Advertising injury means injury caused by any of the following offences that result from the advertising of your products or work . . .
(Emphasis added)
[24] Although the language of the 2000 policy differs somewhat from the language contained in the 1998 and 1999 policies, nothing turns on that difference. The 2000 policy still requires a direct causal link between advertising and the offence alleged. Once again, I note that the June 29, 2001 statement of claim contains no such allegation.

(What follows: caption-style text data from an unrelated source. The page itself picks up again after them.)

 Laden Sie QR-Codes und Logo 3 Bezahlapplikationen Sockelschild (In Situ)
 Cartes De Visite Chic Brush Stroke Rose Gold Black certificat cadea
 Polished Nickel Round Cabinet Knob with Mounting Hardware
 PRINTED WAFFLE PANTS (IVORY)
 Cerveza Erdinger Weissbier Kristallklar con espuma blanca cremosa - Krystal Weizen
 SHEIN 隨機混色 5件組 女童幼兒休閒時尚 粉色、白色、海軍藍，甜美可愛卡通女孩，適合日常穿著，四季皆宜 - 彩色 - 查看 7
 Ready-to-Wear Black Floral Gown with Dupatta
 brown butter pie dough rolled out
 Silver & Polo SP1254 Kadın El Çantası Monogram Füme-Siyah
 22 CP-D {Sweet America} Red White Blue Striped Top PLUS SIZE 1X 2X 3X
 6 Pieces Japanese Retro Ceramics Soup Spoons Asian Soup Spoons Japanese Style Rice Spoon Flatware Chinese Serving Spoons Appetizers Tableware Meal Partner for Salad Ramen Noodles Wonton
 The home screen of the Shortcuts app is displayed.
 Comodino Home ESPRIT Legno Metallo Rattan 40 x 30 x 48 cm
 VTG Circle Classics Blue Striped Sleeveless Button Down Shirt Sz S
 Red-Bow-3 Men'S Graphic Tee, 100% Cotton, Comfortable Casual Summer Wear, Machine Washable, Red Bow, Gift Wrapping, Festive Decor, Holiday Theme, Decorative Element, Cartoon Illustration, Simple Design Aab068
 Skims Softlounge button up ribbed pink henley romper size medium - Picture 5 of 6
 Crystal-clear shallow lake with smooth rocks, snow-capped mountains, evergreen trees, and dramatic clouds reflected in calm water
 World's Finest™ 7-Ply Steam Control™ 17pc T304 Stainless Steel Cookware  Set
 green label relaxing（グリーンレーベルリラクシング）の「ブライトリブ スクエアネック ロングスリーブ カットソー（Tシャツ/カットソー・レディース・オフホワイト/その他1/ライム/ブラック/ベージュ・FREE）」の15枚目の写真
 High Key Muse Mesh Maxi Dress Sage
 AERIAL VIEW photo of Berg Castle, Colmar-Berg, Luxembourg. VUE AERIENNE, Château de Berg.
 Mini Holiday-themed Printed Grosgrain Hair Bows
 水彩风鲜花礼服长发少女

[25] Finally, I observe that the fresh as amended statement of claim that the appellant sought to tender as fresh evidence adds nothing new to the issue of causation.
III. Disposition
[26] I conclude that the application judge erred in finding that Taske's June 29, 2001 statement of claim includes allegations that are capable of triggering the appellants' advertising injury coverage. However, in the result, I agree with his disposition of the application. In light of my conclusion on the causation issue, it is unnecessary that I finally determine the issues concerning the meaning of advertising and the scope of the exclusion clause. [See Note 4 at the end of the document]
[27] For the reasons given, the appeal is dismissed with costs to the respondents on a partial indemnity basis fixed at $25,000 inclusive of disbursements and applicable GST.
Appeal dismissed. [page721]
Notes
Note 1: I would not formally dispose of the cross-appeal as the issues raised simply supported the application judge's decision and were not the proper subject matter of a cross-appeal.
Note 2: The relevant language of the 1998 and 1999 policies is the same. I will address the language of the 2000 policy in the Analysis section of these reasons.
Note 3: The respondent claimed that this issue was not raised before the application judge.
Note 4: The appellants abandoned their costs appeal at the hearing before us.